In my limited experience writing web code, the client side concerns itself with rendering and user interaction, the server side concerns itself with efficiently supplying dynamic data to the client, and other than request payload definitions the two have no logic in common.

The most straightforward example I can offer is my custom mark-up parser for formatting text. I wrote this parser in Javascript where it runs live in the browser, but when the final text is submitted it's parsed on the server side for security and replicability reasons.

Of course I could rewrite it in another language, but with Nashorn I don't need to. I can execute many hundreds of lines of Javascript with around four lines of utterly boilerplate Java. And it works perfectly. I don't need to worry about edge cases or dealing with subtle variations in regular expressions (don't at me) and other string parsing nuances.

I'm just a sole developer; I don't have minions. If I had to rewrite it today I'd probably look at a transpiling approach, but even then, defensive text manipulation tends to be edge-casey at the best of times.

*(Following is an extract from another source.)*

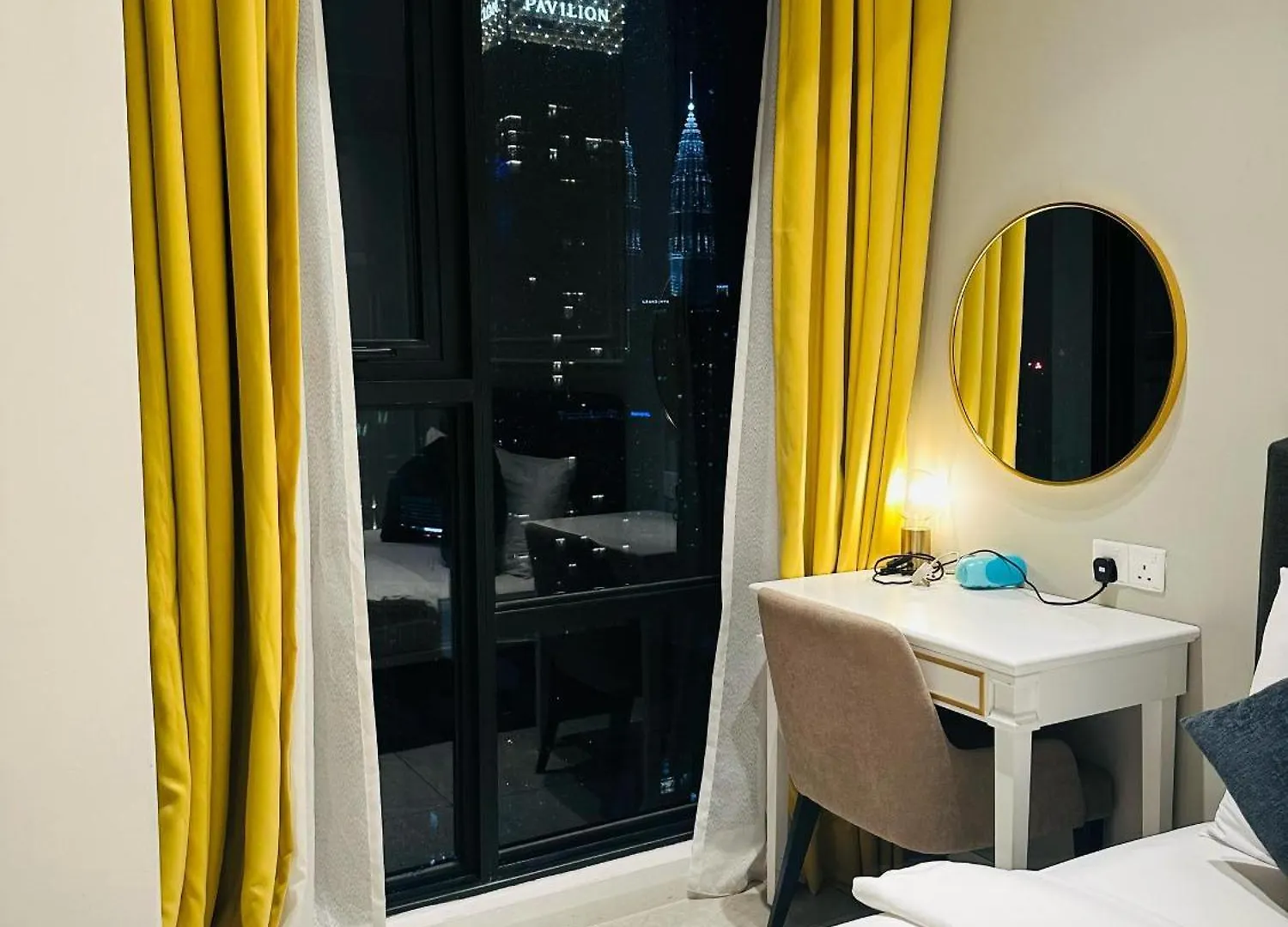 Residensi Akson Bukit Bintang Axon Nearby Pavilion Trx Kuala Lumpur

(Also note that my priority here is browser performance, where it's running continuously on hundreds of clients simultaneously—often budget smartphones with limited CPU power. On the server it only has to run once per submit and the CPU cost on the server is beyond trivial.)

Makes sense. Thanks for the example!
This is the 3rd JS engine with its replacement. The idea I think is that it would be embedded in for scripting like uses, like many C++ games used Lua or Flash.
com.net.sun.httpserver looks like standard enough for practical purposes: https://stackoverflow.com/questions/58764710/is-package-com-...
I once used it for an embedded expression evaluation language in a Java application.
I used it quite a bit for simple scripting before I learned python.